Big Cat recalled as 'terrific teammate'

PAUL FRIESEN -- Winnipeg Sun

, Last Updated: 11:58 AM ET

He was one of the more popular members of the Winnipeg Blue Bombers, a gentle giant of a man who got along with everybody in the locker-room. But he died very much alone, estranged from his family and far from the bright lights and glory of the football field.

Former offensive lineman Bobby Thompson passed away in the lobby of his Winnipeg apartment building Thursday night.

A Bomber news release says Thompson died of a heart attack, but a friend says it was a massive stroke that took the 46-year-old.

Kim Beaque, friends with Thompson for the better part of 10 years, says Thompson collapsed in the lobby of his St. James apartment around 9 p.m. Thursday.

"The doctor said he couldn't have suffered a lot," Beaque told The Sun yesterday. "A good friend of his was with him in the apartment lobby. He died not alone, but alone."

It was hard to miss Thompson when he suited up for the Blue Bombers from 1979 to 1983.

At 6-foot-8, 300-plus pounds, the product of Kansas State College was one of the biggest men who'd ever played for the team.
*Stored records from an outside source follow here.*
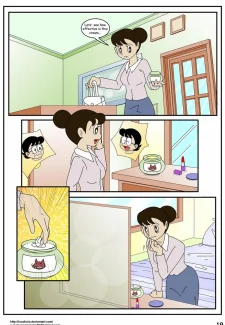 1 (21)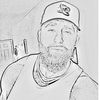 ghostballer1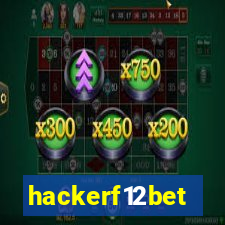 hackerf12bet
And one of its best linemen, too.

"He was a great athlete," then-head coach Cal Murphy said.

Good enough to be named a CFL all-star in '82.
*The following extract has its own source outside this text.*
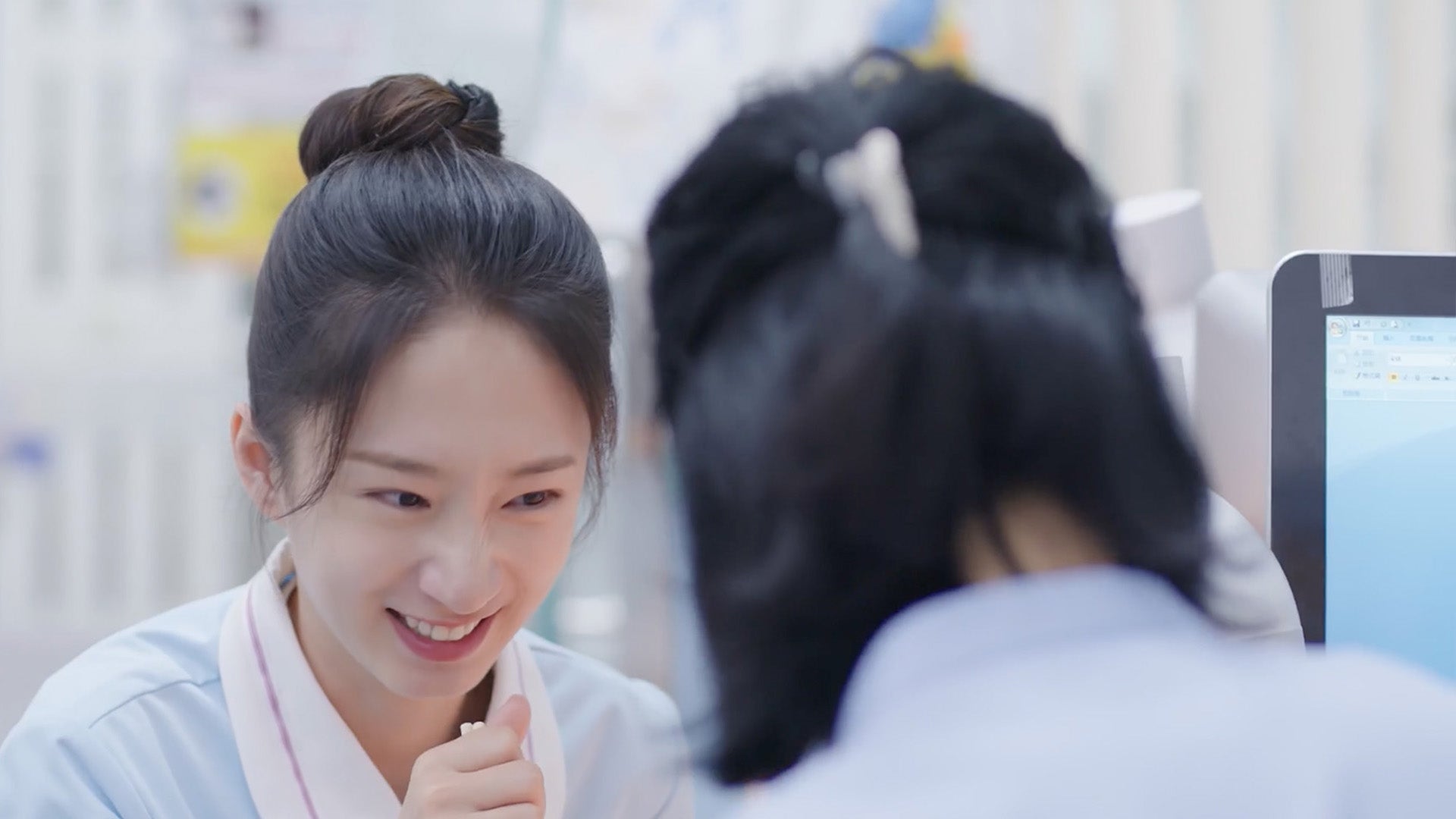 My Precious season 1 episode 20 on undefined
"He was a terrific teammate," former kicker Trevor Kennerd said. "And he was one of the nicer guys in the locker-room. A happy fellow. Extremely kind and gentle off the field, and a heck of a football player."

But after his playing days were over, Thompson virtually disappeared.

Kennerd, active with the club's alumni, says he hadn't seen Thompson since the mid-1980s.

Beaque, who used to room with Thompson, paints the picture of a man who'd lost all contact with his family, including his ex-wife and daughter, who live in Toronto.

"Bobby's been alone for a long, long time," Beaque said. "His parents passed away when he was younger. He has an estranged sister of 12 years ... he hasn't had contact with his daughter or wife for nine years."

Beaque says Thompson returned to Winnipeg when his marriage fell apart, working off-and-on as a security guard or bouncer at various hotels. Often, he'd live at the hotel.

Recently, he took a job at Assiniboia Downs and moved into a bachelor suite in St. James.

"He was quite happy -- his life was back on track," Beaque said.

Known as Big Cat, Thompson battled a weight problem when he played, and his condition had deteriorated badly since his retirement.

Beaque estimated his weight was pushing 500 pounds at the time of his death.

"Bobby has told me on different occasions this might be his last day," she said. "He knew he wasn't well."

Beaque says Thompson also suffered from a social phobia -- he couldn't go out to buy his own groceries, for instance -- and a sleep disorder, which saw him routinely go 24 hours with virtually no rest.

"He couldn't sleep, because he was such a big fellow, other than sitting up," Beaque said. "His heart was working on overdrive.

"But he was the best friend you could ever ask for. And he loved his daughter. He knew the day he died his daughter would get something for her education."